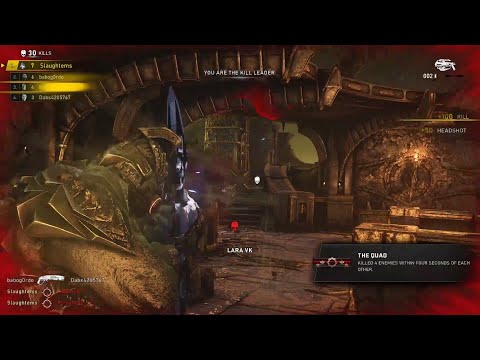 THIS FFA LOBBY GOT DEMOLISHED - COMPETITIVE FFA - GEARS 5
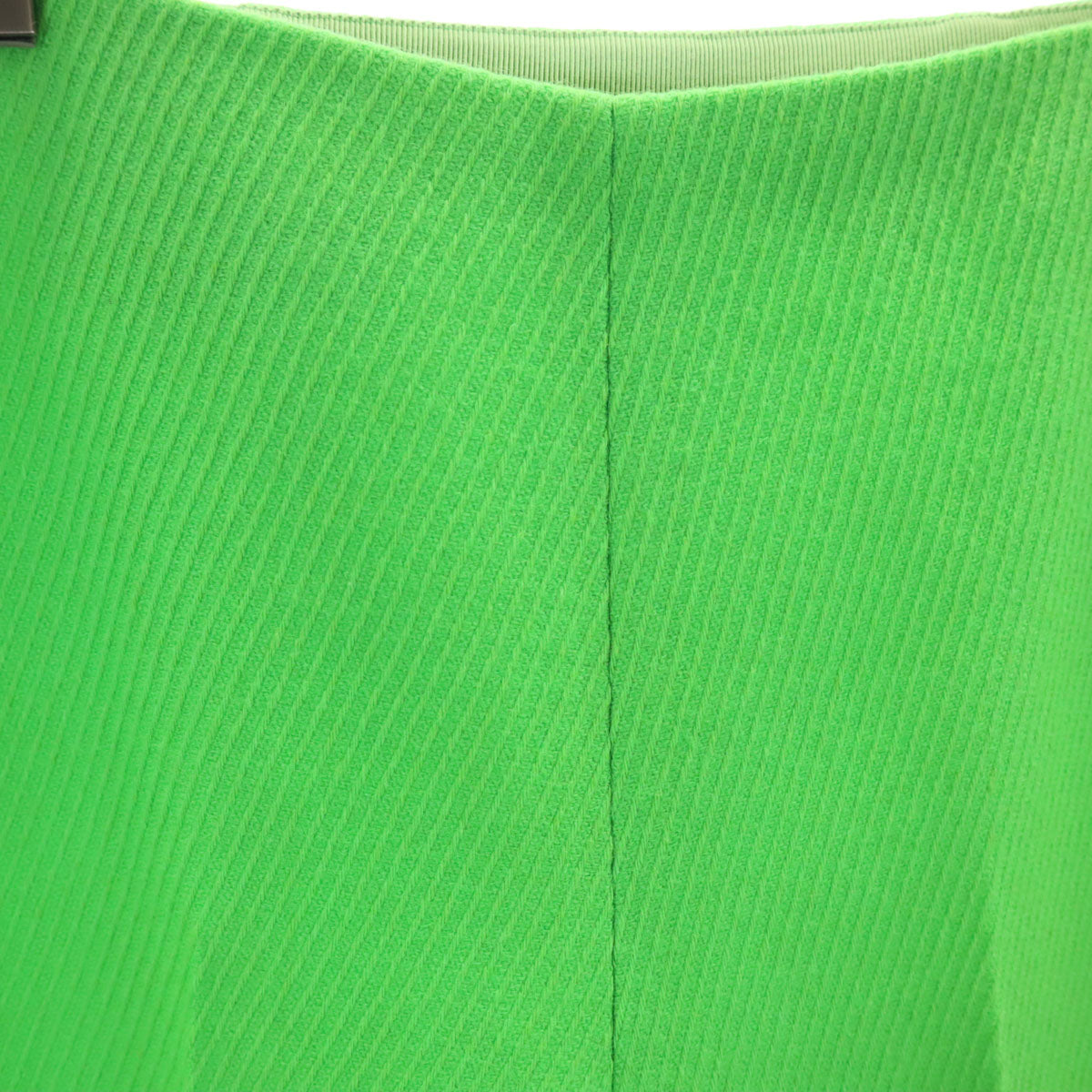 GUCCI グッチ イタリア製 コーデュロイパンツ 36 ライトグリーン レディース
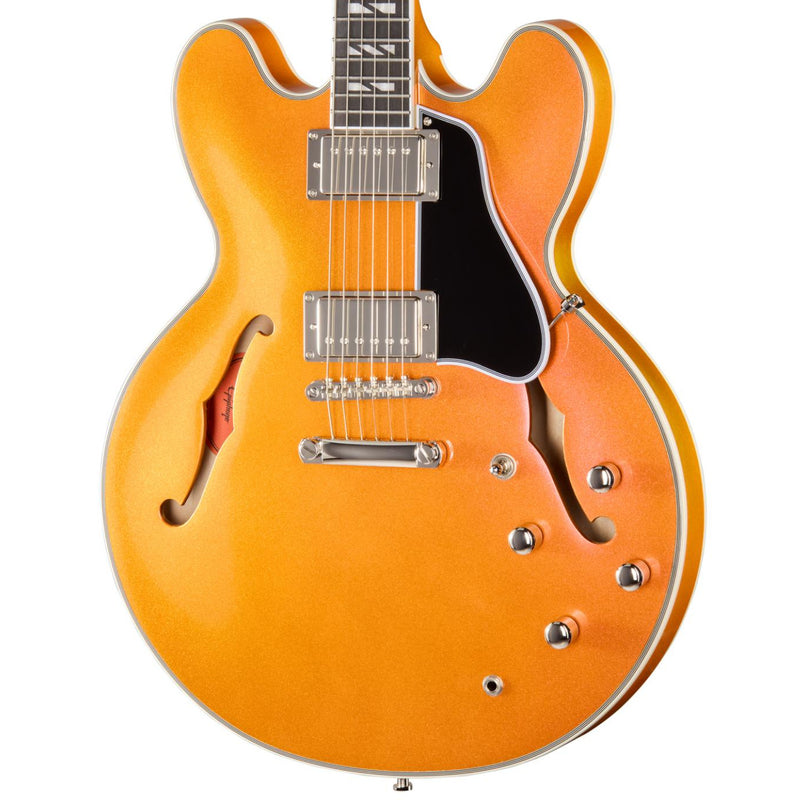Epiphone Futura ES-355 Semi-Hollow Body Guitar w/ Premium Gig Bag - Firestorm Shift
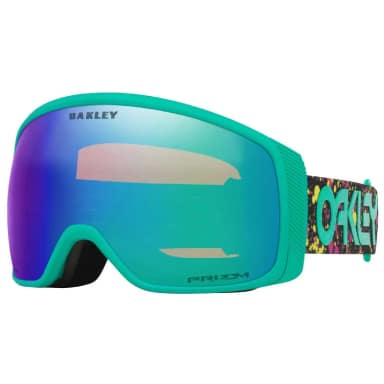 oakley flight tracker m ski goggles
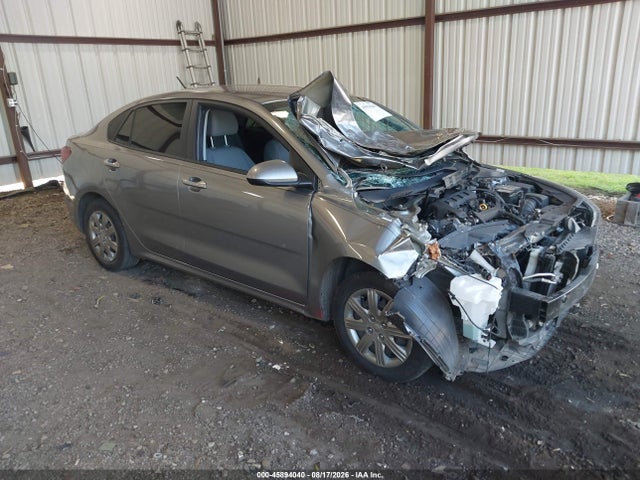 Aukcja sprzedaży 2022 Kia Rio S, vin: 3KPA24AD5NE486973, numer aukcji: 45894040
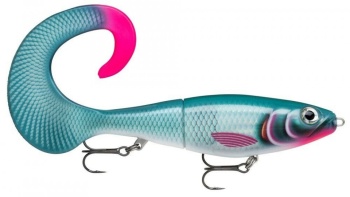 VOBLER RAPALA X-RAP OTUS 17CM 40G SIIK
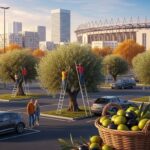 Huile d’Olive Made in 93 : La Surprenante Aventure des Oliviers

**PROBLEM DESCRIPTION:** Write out the listing above exactly, images omitted.

**WRITTEN ANSWER:**
 THIS FFA LOBBY GOT DEMOLISHED - COMPETITIVE FFA - GEARS 5
 GUCCI グッチ イタリア製 コーデュロイパンツ 36 ライトグリーン レディース
Epiphone Futura ES-355 Semi-Hollow Body Guitar w/ Premium Gig Bag - Firestorm Shift
 oakley flight tracker m ski goggles
 Aukcja sprzedaży 2022 Kia Rio S, vin: 3KPA24AD5NE486973, numer aukcji: 45894040
 VOBLER RAPALA X-RAP OTUS 17CM 40G SIIK
 Huile d’Olive Made in 93 : La Surprenante Aventure des Oliviers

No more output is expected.